Take a look at this . . .

*http://www.ebay.com/itm/New-in-box-Avet-Fishing-Reel-Factory-Blem-model-EXW80-2-2-Speed-P16b-/331871334556?hash=item4d4512b09c:g:34gAAOSwQaJXQwwf*

*http://www.ebay.com/itm/Avet-EX-80-2-2-Speed-Lever-Drag-Big-Game-Reels-BLUE-SHIP-WITHIN-12-HOURS-/172231937959?hash=item2819d2cfa7:g:c8cAAOSwiYFXIn3-*

*http://www.ebay.com/itm/Avet-Pro-80W-Avets-largest-reel-Shark-Giant-Tuna-Free-Shipping-/262479767411?hash=item3d1d036773:m:moDgnZigUHEKtRJjF2JSUAQ*


Tight Lines !!!


----------



## IPNURWATER (Aug 20, 2013)

Hey check out thehulltruth.com

They have a commercial section with guys that can beat those prices on new reels.. There's 3-4 different retailers on there so check them out.

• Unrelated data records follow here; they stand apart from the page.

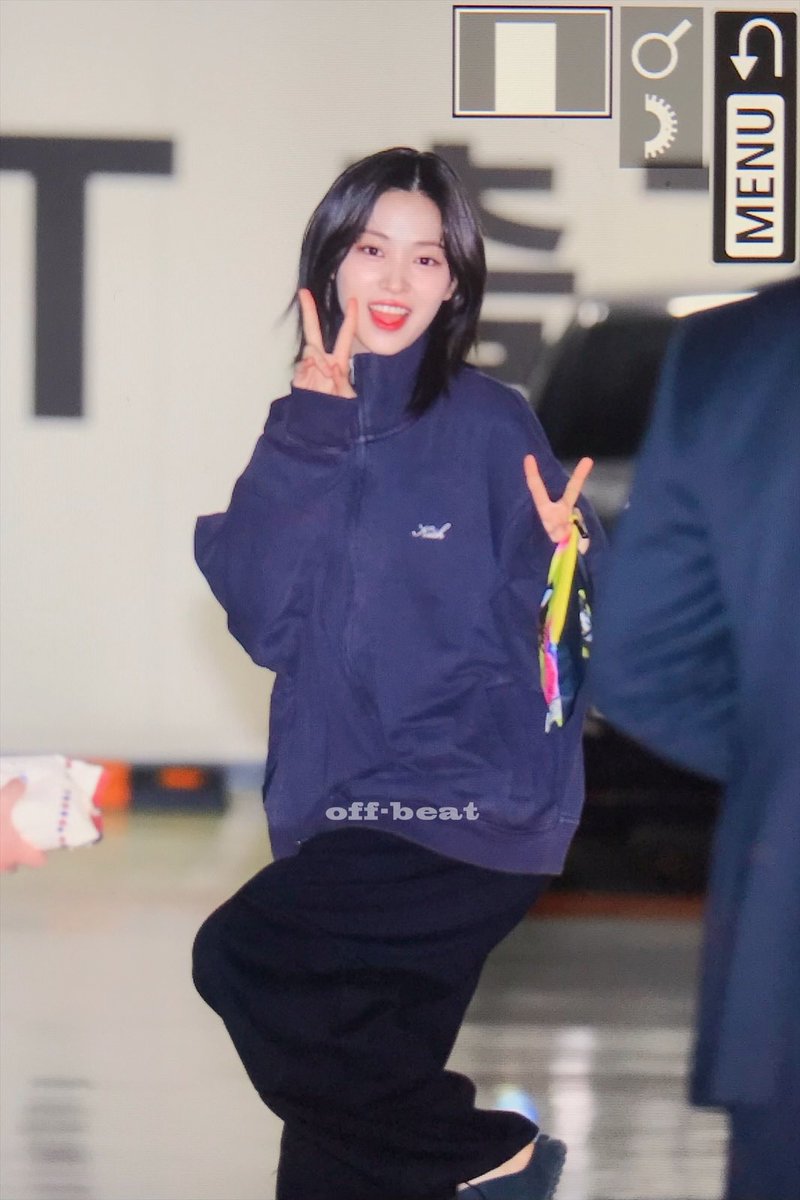 Offbeat_RJ's tweet photo. 240220 진짜기여워죽겟음 ㅜㅋㅋㅋㅋㅋㅋㅋㅋㅋㅋㅋㅋㅋㅋㅋㅋㅋㅋㅋㅋㅋㅋㅋㅋㅋㅋㅋㅋㅋㅋㅋㅋㅋㅋ #ITZY #있지 #RYUJIN #류진 @ITZYofficial https://t.co/DRnqvbBcdl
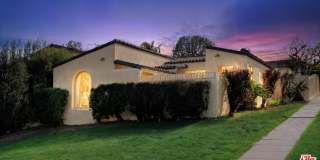 1903 Holmby Ave Gallery 1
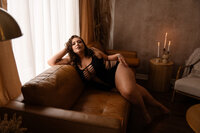 boudoir photography kitchener waterloo -6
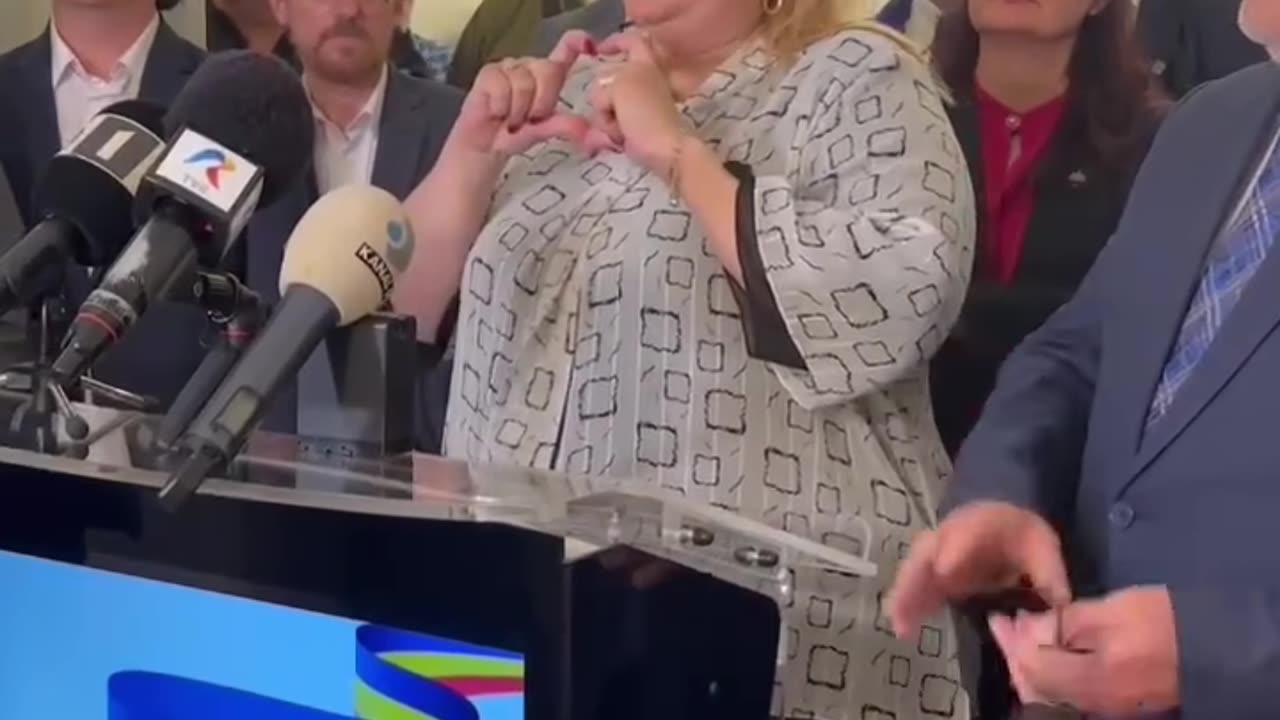 Mesajul sincer și curat din partea singurului președinte al românilor. - DIS--- - 16 mai 2025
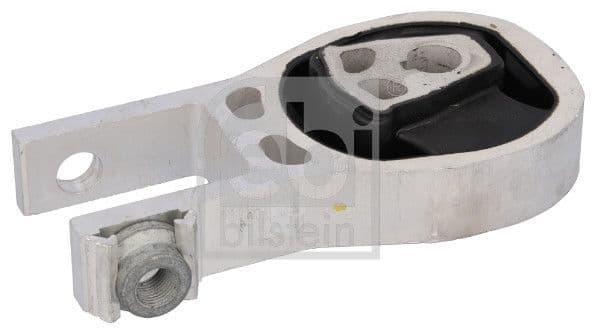 Suport motor FEBI BILSTEIN 197598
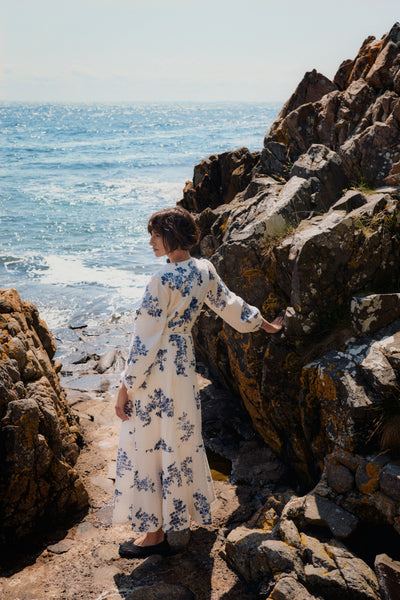 AlyaPW Dress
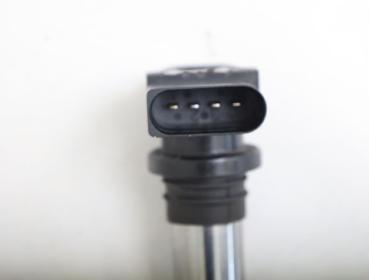 Preview: Zündspule Zylinder 3 036905715 VW GOLF 5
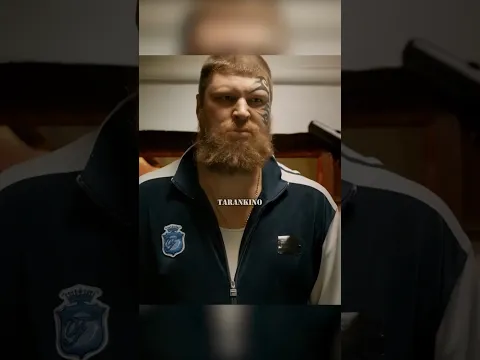 ЗАСТУПИЛСЯ ЗА ДЕВУШКУ😱 #кино #фильмы #топ #fyp
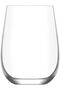 Nexoratech 6-Piece Goblet 1288145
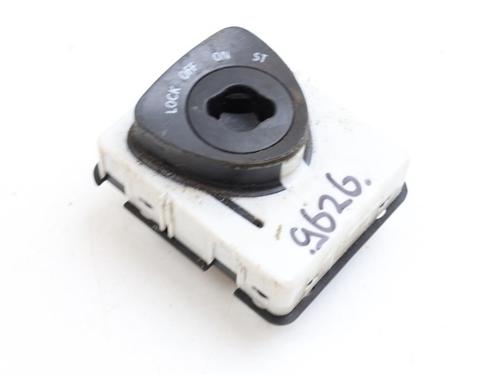 Switch SAAB 9-3 Estate (E50) 1.8t 2.0 | BP39411220I30 - Image 4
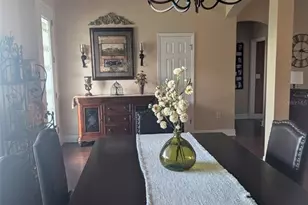 6028 Rolling Vista Loop, Dover, FL 33527 - Photo 8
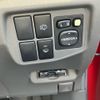 toyota prius 2010 -TOYOTA--Prius DAA-ZVW30--ZVW30-1235299---TOYOTA--Prius DAA-ZVW30--ZVW30-1235299- image 17
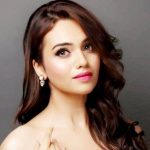 Purvi Mundada Height, Weight, Age, Boyfriend, Family, Biography & More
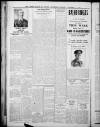 Lincoln Leader and County Advertiser Saturday 01 November 1919 Page 4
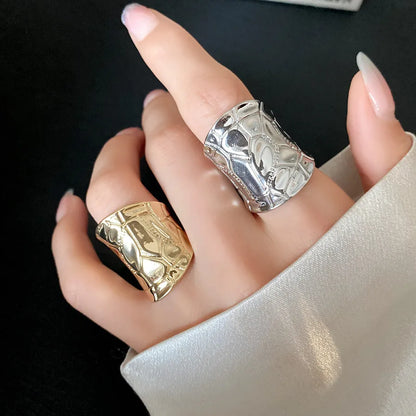 product/2025/9/9/1965234599726551040.jpg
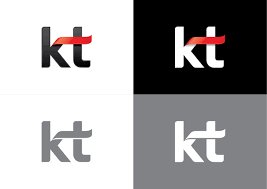 KT Logo - Image result for kt logo design. Letter sign. Logos design, Logos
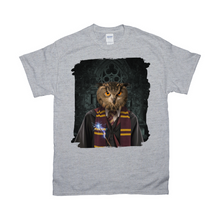 Load image into Gallery viewer, Apparel-DTG-Tshirt-Gildan-2000-2XL-SportGrey-Mens-CF-20250202223519912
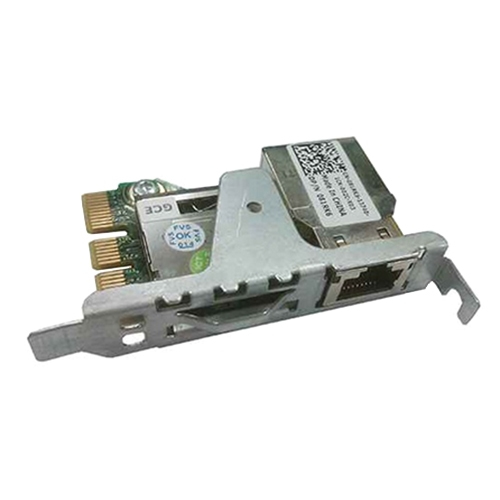Dell 330-BBCJ remote management adapter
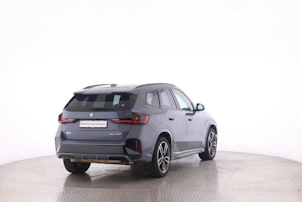 immagine del veicolo BMW X1 30e xDrive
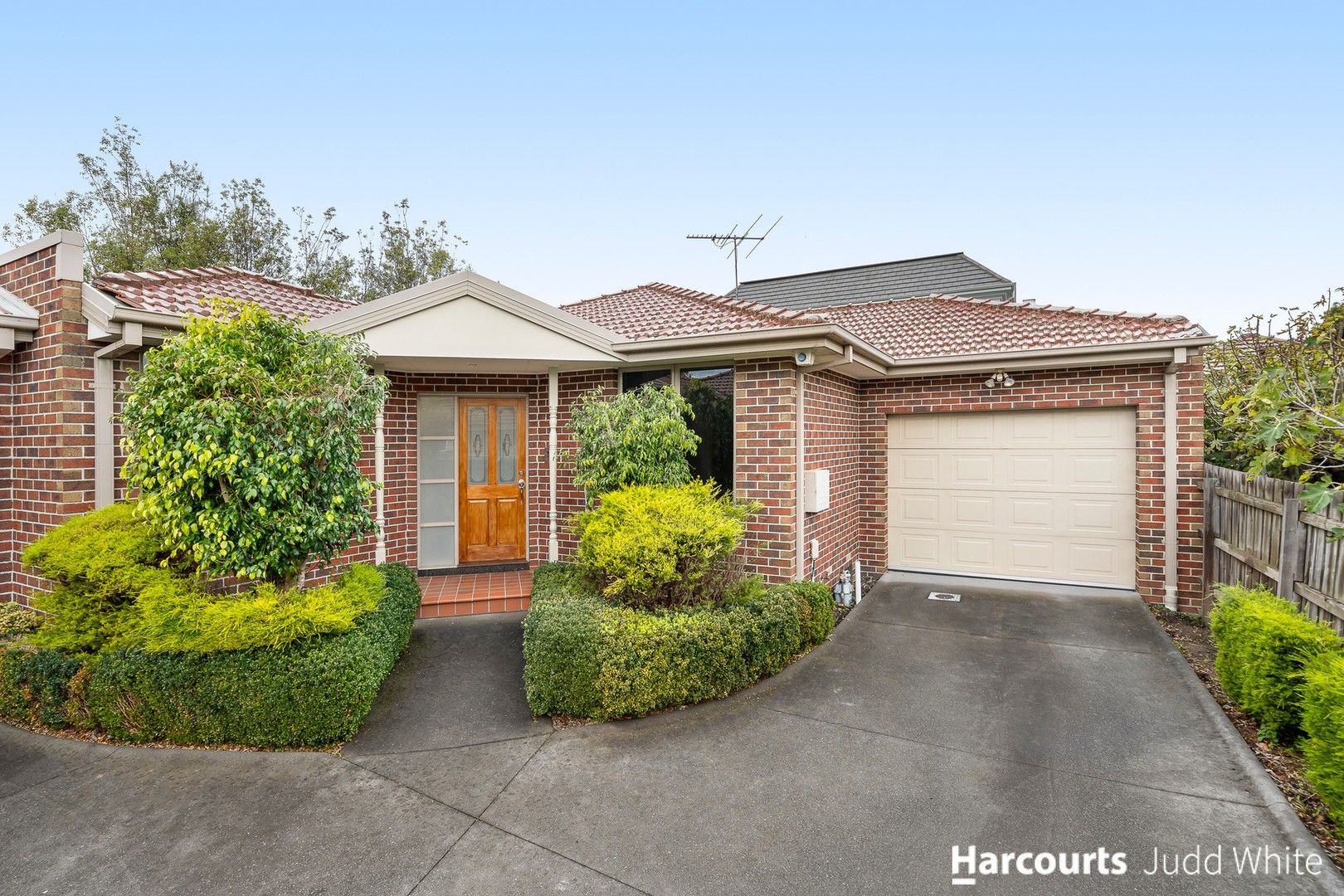 2/6 Ingram Avenue, Glen Waverley VIC 3150, Image 0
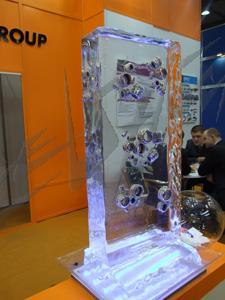 elcom_ukraine_2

I think one of them is dealman. Most of the eBay poster are the guys from thehulltruth.com but with better prices if not bought through ebay.they can't list a price sheet but can pm you the number you need.. Great and secure site.fast turn around . I'm not afillited with any of them but just a previous customer only.


----------



## mbrajer (Jul 10, 2009)

Thanks guys for the tips!

And to clarify for anyone on here- this reel won't be used tons so the more used the better.

-Mike


----------



## mbrajer (Jul 10, 2009)

Still looking! 

Changed my mind on colors- silver preferred.


----------